Each of the three reasons he lists can be traced back to manipulation of one's political image: you fail to take the absolute most cynical view that everyone's failures from above will come crashing down on you, and cover your ass accordingly; you fail to wave your achievements around, because you believe someone is actively paying attention or gives a crap about anything you're doing; or you fail to appropriately hide your boredom and lack of motivation by plodding on at the same rate as everyone else like the good cog that you are.

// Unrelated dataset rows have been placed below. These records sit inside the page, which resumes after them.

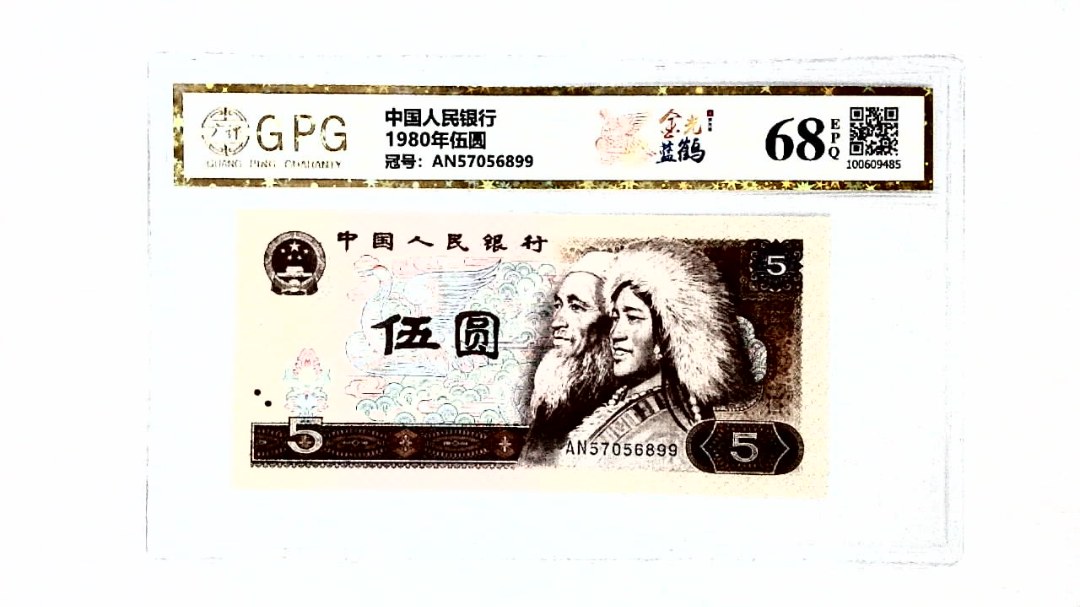 1980年伍圆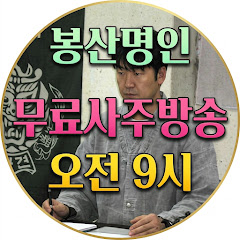 봉산명인 사주명리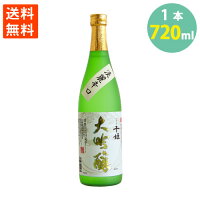 日本酒 千姫 大吟醸 名城酒造 やや辛口 720ml 15.5% 送料無料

None of these have anything to do with actually doing anything. You could be accomplishing next to nothing, and still be able to hit all of these points; you could be working miracles in code, and manage to flunk all three and get thrown out on your ass. They are all the departmental equivalent of spin control, and are the sign of a broken department and quite possibly a broken company. It is a sign that people have stopped caring about doing things in favor of appearing as though they are doing things. This sort of thing is a slow death of a thousand cuts to an organization, and will result in people getting fired anyway, when the lack of revenues from people not getting anything done force staffing cuts anyway.
I understand that a lot of companies are run like this; I don't need to be reminded about how the real world works, and especially not with the usual condescension. I'm not trying to convince myself or anyone else that the corporate world is not stacked this way; what I am doing is yelling in the same way Dan Pink did about motivation by incentive that this sort of ass-covering doesn't work. It results in an organization that will steadily decay from the inside, and will ultimately end up shafting the same people who thought they could save themselves by just hunkering down and playing the political game. All these people bought was a little more time cower in fear, and convince themselves this will all blow over if they just behave. It doesn't work, and people need to stop convincing themselves, for the sake of themselves, their coworkers, and the organizations they purport to work for, that it does.
Life is too short, peoples' time and effort is too valuable, to put up with asinine wealth tarpits like this. No one, not even the person cowering, is benefited in the long-term in any way by this sort of attitude.
Ugh, I need to go take a walk to unwind.